Data Colada
Menu
  • Home
  • About
  • Feedback Policy
  • Table of Contents
Menu

[30] Trim-and-Fill is Full of It (bias)


Posted on December 3, 2014September 27, 2017 by Uri Joe Leif

Statistically significant findings are much more likely to be published than non-significant ones (no citation necessary). Because overestimated effects are more likely to be statistically significant than are underestimated effects, this means that most published effects are overestimates. Effects are smaller – often much smaller – than the published record suggests.

For meta-analysts the gold standard procedure to correct for this bias, with >1700 Google cites, is called Trim-and-Fill (Duval & Tweedie 2000, .pdf). In this post we show Trim-and-Fill generally does not work.

What is Trim-and-Fill?
When you have effect size estimates from a set of studies, you can plot those estimates with effect size on the x-axis and a measure of precision (e.g., sample size or standard error) on the y-axis. In the absence of publication bias this chart is symmetric: noisy estimates are sometimes too big and sometimes too small. In the presence of publication bias the small estimates are missing. Trim-and-Fill deletes (i.e., trims) some of those large-effect studies and adds (i.e., fills) small-effect studies, so that the plot is symmetric. The average effect size in this synthetic set of studies is Trim-and-Fill’s “publication bias corrected” estimate.

What is Wrong With It?
A known limitation of Trim-and-Fill is that it can correct for publication bias that does not exist, underestimating effect sizes (see e.g., Terrin et al 2003, .pdf). A less known limitation is that it generally does not correct for the publication bias that does exist, overestimating effect sizes.

The chart below shows the results of simulations we conducted for our just published “P-Curve and Effect Size” paper (SSRN). We simulated large meta-analyses aggregating studies comparing two means, with sample sizes ranging from 10-70, for five different true effect sizes. The chart plots true effect sizes against estimated effect sizes in a context in which we only observe significant (publishable) findings (R Code for this [Figure 2b] and all other results in our paper).

f1blog_2

Start with the blue line at the top. That line shows what happens when you simply average only the statistically significant findings–that is, only the findings that would typically be observed in the published literature. As we might expect, those effect size estimates are super biased.

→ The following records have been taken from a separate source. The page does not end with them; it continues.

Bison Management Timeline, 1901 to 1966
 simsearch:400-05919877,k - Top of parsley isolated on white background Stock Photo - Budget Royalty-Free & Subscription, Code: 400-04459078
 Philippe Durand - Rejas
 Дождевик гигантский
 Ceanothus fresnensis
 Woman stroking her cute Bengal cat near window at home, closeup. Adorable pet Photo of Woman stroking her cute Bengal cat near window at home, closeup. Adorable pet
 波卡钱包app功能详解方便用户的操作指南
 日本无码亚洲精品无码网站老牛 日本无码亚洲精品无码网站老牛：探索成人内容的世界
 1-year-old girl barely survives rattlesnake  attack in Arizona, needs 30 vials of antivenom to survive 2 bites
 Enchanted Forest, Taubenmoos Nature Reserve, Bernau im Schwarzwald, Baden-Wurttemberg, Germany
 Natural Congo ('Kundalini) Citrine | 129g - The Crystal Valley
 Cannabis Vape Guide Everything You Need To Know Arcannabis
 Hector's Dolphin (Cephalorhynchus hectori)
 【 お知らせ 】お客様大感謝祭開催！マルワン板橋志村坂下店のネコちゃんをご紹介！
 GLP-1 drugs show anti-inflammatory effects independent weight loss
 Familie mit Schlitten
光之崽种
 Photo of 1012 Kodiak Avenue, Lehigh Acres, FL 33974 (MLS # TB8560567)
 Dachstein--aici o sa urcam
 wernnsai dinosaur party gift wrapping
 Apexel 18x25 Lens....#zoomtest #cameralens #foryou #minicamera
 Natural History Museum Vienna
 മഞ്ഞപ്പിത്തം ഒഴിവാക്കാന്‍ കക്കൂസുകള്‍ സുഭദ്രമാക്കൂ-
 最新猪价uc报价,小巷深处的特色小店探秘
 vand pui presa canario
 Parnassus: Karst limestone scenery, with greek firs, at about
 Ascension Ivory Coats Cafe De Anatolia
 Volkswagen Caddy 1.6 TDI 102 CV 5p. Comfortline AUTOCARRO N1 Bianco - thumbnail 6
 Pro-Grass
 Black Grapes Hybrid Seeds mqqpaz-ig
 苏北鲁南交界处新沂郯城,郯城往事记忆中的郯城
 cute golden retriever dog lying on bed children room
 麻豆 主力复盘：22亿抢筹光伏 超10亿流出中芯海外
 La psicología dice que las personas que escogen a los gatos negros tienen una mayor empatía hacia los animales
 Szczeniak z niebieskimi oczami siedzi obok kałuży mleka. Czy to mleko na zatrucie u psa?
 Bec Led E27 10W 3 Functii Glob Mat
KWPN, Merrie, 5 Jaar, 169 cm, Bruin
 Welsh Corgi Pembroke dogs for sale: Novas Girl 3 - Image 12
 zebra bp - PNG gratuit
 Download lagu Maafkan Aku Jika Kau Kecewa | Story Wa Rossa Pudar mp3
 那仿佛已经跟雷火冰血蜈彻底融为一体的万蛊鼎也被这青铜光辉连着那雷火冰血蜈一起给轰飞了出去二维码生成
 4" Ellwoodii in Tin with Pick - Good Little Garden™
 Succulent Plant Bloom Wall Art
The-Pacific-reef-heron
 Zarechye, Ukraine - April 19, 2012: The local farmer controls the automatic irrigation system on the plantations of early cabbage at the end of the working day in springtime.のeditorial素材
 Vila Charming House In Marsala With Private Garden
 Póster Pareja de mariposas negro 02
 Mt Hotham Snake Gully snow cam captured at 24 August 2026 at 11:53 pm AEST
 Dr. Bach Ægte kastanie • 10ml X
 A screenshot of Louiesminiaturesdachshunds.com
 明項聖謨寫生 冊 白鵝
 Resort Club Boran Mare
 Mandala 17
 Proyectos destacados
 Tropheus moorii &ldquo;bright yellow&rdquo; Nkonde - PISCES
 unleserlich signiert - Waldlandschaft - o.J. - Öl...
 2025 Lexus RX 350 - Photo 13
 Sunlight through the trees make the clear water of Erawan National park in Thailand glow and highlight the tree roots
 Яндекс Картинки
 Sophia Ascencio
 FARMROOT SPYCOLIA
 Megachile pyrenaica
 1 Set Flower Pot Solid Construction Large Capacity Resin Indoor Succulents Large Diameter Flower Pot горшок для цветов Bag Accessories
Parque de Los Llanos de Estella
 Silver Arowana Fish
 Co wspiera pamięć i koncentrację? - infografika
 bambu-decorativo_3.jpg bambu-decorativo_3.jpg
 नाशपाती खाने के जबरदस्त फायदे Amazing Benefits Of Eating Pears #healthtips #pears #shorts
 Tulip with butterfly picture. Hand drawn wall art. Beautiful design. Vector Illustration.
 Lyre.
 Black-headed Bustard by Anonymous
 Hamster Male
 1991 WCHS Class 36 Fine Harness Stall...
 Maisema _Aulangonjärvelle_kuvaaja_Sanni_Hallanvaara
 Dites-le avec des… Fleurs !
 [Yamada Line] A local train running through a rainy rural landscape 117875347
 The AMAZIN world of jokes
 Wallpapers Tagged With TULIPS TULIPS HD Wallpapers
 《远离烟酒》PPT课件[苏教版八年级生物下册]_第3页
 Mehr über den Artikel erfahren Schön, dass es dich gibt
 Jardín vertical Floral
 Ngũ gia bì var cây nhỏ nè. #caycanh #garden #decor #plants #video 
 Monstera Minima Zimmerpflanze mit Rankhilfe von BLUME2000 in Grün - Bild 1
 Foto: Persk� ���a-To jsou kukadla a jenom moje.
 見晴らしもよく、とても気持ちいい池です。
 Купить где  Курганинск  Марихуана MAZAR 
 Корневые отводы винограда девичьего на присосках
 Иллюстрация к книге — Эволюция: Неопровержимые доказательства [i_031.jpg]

The black line shows what happens when you “correct” for this bias using Trim-and-Fill. Effect size estimates are still super biased, especially when the effect is nonexistent or small.

Aside: p-curve nails it.

We were wrong
Trim-and-Fill assumes that studies with relatively smaller effects are not published (e.g., that out of 20 studies attempted, the 3 obtaining the smallest effect size are not publishable). In most fields, however, publication bias is governed by p-values rather than effect size (e.g., out of 20 studies only those with p<.05 are publishable).

Until a few weeks ago we thought that this incorrect assumption led to Trim-and-Fill’s poor performance. For instance, in our paper (SSRN) we wrote

when the publication process suppresses nonsignificant findings, Trim-and-Fill is woefully inadequate as a corrective technique.” (p.667)

For this post we conducted additional analyses and learned that Trim-and-Fill performs poorly even when its assumptions are met–that is, even when only small-effect studies go unpublished (R Code). Trim-and-Fill seems to work well only when few studies are missing, that is, where there is little bias to be corrected. In situations when a correction is most needed, Trim-and-Fill does not correct nearly enough.

Two Recommendations
1) Stop using Trim-and-Fill in meta-analyses.
2) Stop treating published meta-analyses with a Trim-and-Fill “correction” as if they have corrected for publication bias. They have not.

Wide logo


Subscribe to Blog via Email

Enter your email address to subscribe to this blog and receive notifications of new posts by email.

Author response:
Our policy at Data Colada is to contact authors whose work we cover, offering an opportunity to provide feedback and to comment within our original post. Trim-and-Fill was originally created by Sue Duval and the late Richard Tweedie.  We contacted Dr. Duval and exchanged a few emails but she did not provide feedback nor a response.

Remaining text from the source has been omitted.